The Church and all of her children share in that prophetic mission of Christ. With love we are called to stand for the truth: to tell the truth and to defend it…, with love. Unfortunately, in today’s world, like in the time of Jesus, we do just want love but not truth. In the Church, in our family, at our works or in our different ministries, we want to hear what we want. We want the Word of God to accommodate our feelings and our ways of life. The consequence of all this is that we are moving from one church to another, not mainly because we are looking for nourishment with the Word of God but in search for the place where the Word of God is offered under cover, where it loses its boldness. Christ wants bold Christians and disciples, not lukewarm followers and listeners.

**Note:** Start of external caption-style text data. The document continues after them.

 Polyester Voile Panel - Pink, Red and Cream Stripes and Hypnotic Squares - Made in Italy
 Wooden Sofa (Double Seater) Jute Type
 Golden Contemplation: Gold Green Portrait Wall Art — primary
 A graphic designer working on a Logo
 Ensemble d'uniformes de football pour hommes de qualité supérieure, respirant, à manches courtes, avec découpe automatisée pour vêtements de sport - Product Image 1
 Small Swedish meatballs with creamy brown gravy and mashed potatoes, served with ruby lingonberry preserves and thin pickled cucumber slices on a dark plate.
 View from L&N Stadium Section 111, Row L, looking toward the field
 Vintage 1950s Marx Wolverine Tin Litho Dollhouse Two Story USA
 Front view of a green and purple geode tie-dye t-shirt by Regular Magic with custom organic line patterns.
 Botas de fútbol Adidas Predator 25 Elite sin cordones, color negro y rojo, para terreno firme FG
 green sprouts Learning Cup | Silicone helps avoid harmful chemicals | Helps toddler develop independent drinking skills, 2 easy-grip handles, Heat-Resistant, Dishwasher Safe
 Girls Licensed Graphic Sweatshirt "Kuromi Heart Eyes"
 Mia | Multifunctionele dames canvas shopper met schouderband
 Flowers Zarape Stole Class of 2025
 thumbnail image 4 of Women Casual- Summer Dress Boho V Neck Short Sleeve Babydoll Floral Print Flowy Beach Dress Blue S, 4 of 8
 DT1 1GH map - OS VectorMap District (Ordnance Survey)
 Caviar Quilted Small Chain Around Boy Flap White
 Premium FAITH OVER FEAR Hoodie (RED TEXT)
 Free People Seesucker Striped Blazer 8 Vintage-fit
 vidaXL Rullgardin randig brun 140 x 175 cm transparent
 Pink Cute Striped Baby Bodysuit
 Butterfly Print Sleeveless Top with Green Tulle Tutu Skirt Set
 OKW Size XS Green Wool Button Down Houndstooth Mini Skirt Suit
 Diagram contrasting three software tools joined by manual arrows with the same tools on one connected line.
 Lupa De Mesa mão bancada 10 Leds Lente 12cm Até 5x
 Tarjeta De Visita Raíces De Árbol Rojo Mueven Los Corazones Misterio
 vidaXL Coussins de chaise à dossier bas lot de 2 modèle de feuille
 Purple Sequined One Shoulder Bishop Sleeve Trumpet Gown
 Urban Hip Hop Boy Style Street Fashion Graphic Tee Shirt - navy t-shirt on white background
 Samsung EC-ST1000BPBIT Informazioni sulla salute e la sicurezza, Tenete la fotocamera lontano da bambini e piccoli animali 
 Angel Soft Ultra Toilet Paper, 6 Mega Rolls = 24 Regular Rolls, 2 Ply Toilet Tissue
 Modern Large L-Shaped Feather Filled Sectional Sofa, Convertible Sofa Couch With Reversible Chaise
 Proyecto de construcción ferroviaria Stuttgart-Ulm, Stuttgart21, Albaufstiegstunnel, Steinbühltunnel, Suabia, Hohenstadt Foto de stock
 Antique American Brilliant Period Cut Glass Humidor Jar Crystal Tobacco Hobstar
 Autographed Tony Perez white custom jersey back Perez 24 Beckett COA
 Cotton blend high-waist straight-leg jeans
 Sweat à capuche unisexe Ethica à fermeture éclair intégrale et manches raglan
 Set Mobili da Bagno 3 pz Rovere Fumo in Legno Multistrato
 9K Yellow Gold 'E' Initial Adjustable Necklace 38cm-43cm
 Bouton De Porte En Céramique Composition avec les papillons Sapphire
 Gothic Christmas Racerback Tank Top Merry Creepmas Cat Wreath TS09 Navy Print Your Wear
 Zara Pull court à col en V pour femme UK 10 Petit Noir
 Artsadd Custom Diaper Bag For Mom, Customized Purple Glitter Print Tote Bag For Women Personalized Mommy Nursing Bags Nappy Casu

The question He puts towards His disciples is a proof of this boldness: “Do you also want to leave?” Christ always unites love and truth. In Him they are not separated, because He is Himself the Truth and Love that never fail.
Today, more than ever, the Church needs her prophetic identity and mission that is shown in the boldness of her message that is nothing else but Christ Himself. We, the children of the Mother Church and followers of Christ, are meant to embrace with fortitude the boldness of our prophetic identity that we share with Christ from our baptism. We are meant to combine love and truth in our message and our lives and challenge today’s culture of relativism according to which, “If it is good for you, then it is good with me.” Christ should always be the measure of our actions and words. Only in doing so that the boldness of our life will be an embrace of love and truth that will set us free (John 8:32).
And let us continue to pray for one another and for our parish family.